Exercise - Identify machines with high CPU usage

Completed

Here, you'll write KQL queries to retrieve and transform data from the Perf table to gain an understanding of which machines have reached or are nearing their total compute capacity, and which machines are being underused.

1. Set goals

To address performance issues, mitigate potential issues, and identify opportunities to operate more efficiently, you want to analyze the central processing unit (CPU) usage of virtual machines in your IT environment.

To identify CPU-related performance issues and opportunities to become more efficient, you need information about:

  • CPU usage trends of each active machine.
  • CPU usage of machines at peak and quiet times.

2. Assess logs

Windows and Linux agents send performance counters of hardware components, operating systems, and applications running on monitored machines to the Perf table in Azure Monitor.

Let's run a simple query on the Perf table to retrieve logs from the past 24 hours and get a sense of the table schema and the data the table holds:

Click to run query in Log Analytics demo environment

Perf  // The table you’re querying
| where TimeGenerated > ago(1d) // Filters for entries generated in the past day 

Screenshot that shows the results of a query on the Perf table with the ObjectName, CounterName, InstanceName, and CounterValue columns highlighted.

You can see that the TimeGenerated, Computer, ObjectName, CounterName, InstanceName, and CounterValue columns hold data that's relevant to our analysis.

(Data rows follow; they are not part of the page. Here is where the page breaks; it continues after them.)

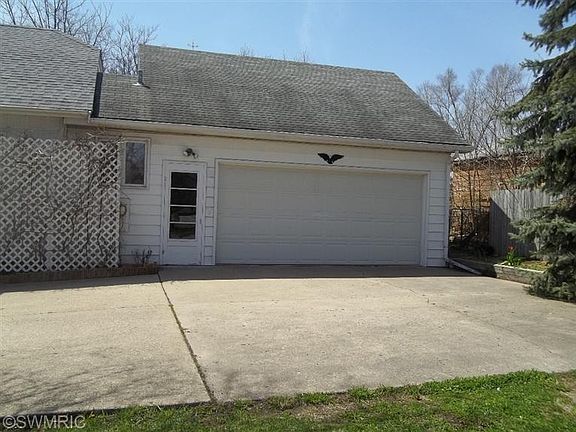 3rd image of 315 Post Ave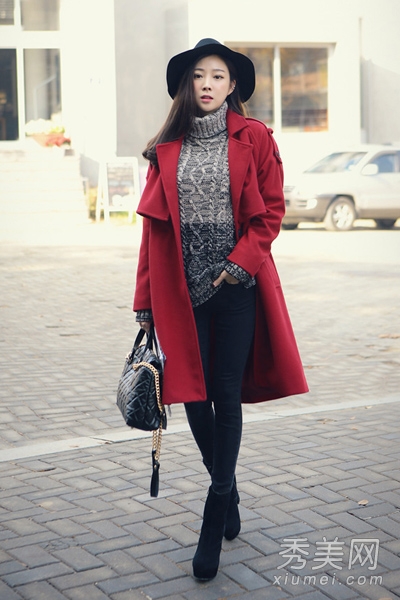 <em>高领毛衣</em>怎么搭配 加件<em>呢子大衣</em>最温柔 - 百科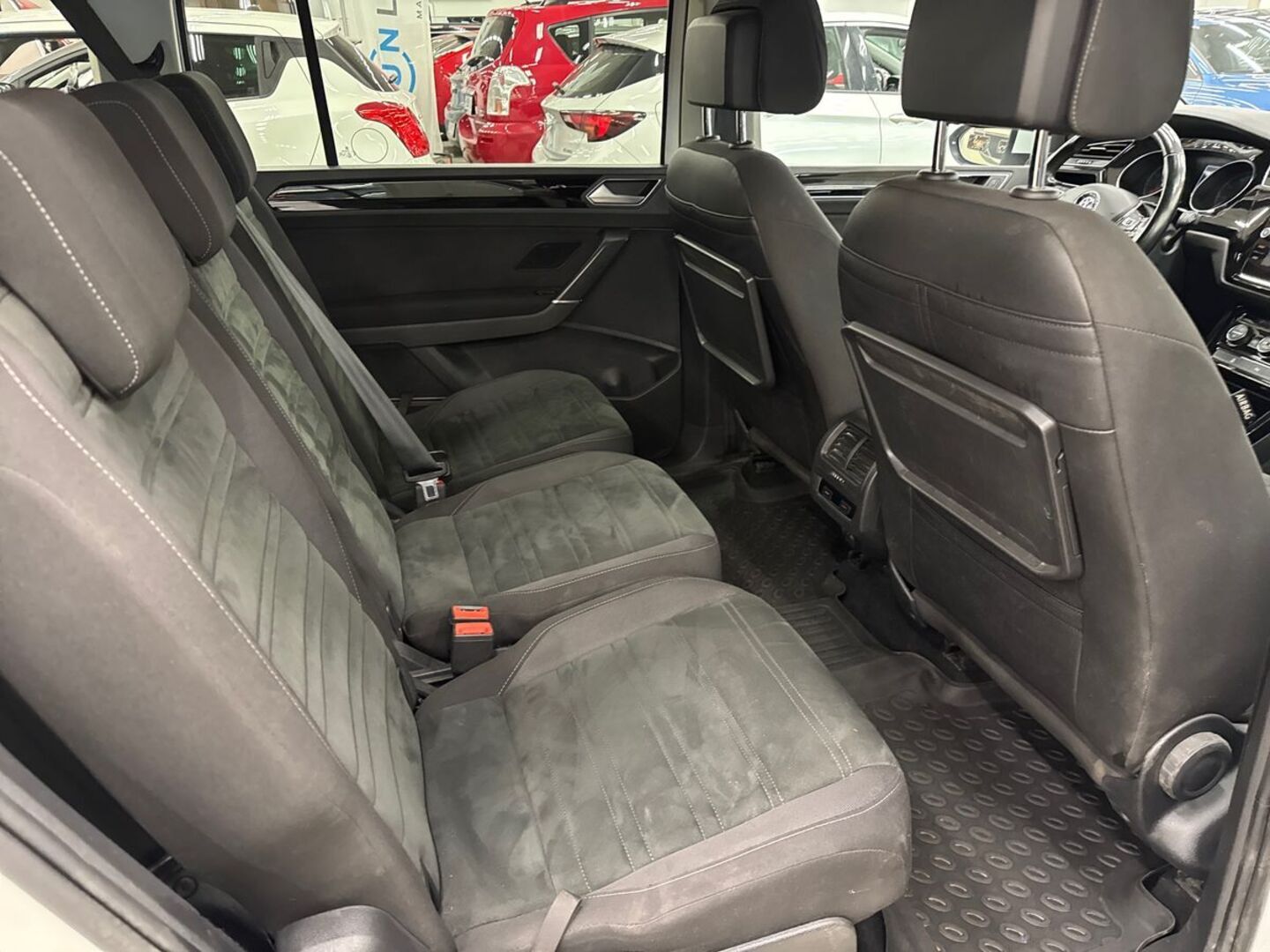 VOLKSWAGEN Touran 2017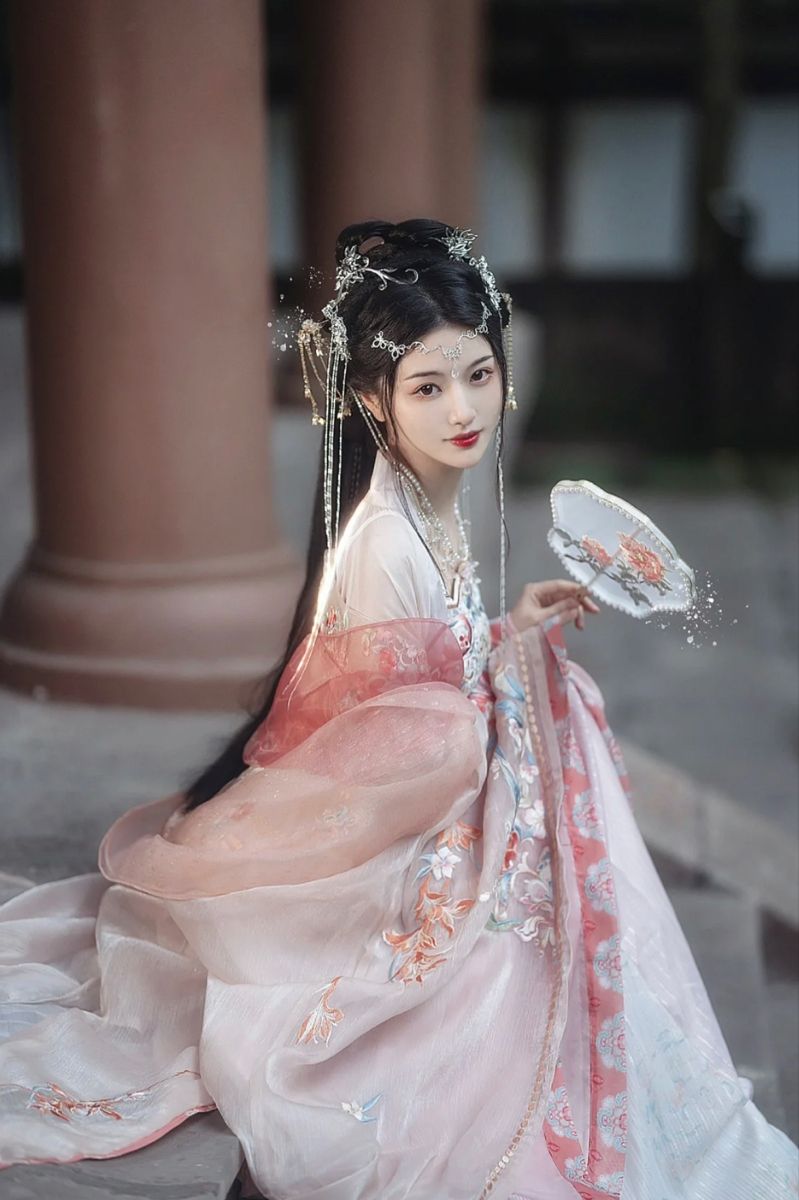 Sun Protection for Little Girls:The Allure of Traditional Hanfu Fashion Sun Protection for Little Girls:The Allure of Traditional Hanfu Fashion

The ObjectName column lists the names of all of the objects for which Azure Monitor collects data from monitored machines. The CounterName column holds the names of the various performance counters that Azure Monitor collects. Both of these columns hold lots of values, many of which appear multiple times. To clearly see the distinct values in these columns and determine which counters are relevant to the current analysis, let's run this query:

Click to run query in Log Analytics demo environment

Perf // The table you’re querying
| distinct ObjectName,CounterName // Lists distinct combinations of ObjectName and CounterName values

This screenshot shows the distinct combinations of ObjectName and CounterName values in the CounterName column in the past 24 hours:

Screenshot that shows the results of the distinct CounterName query on the Perf table with the Percentage Processor Time value highlighted.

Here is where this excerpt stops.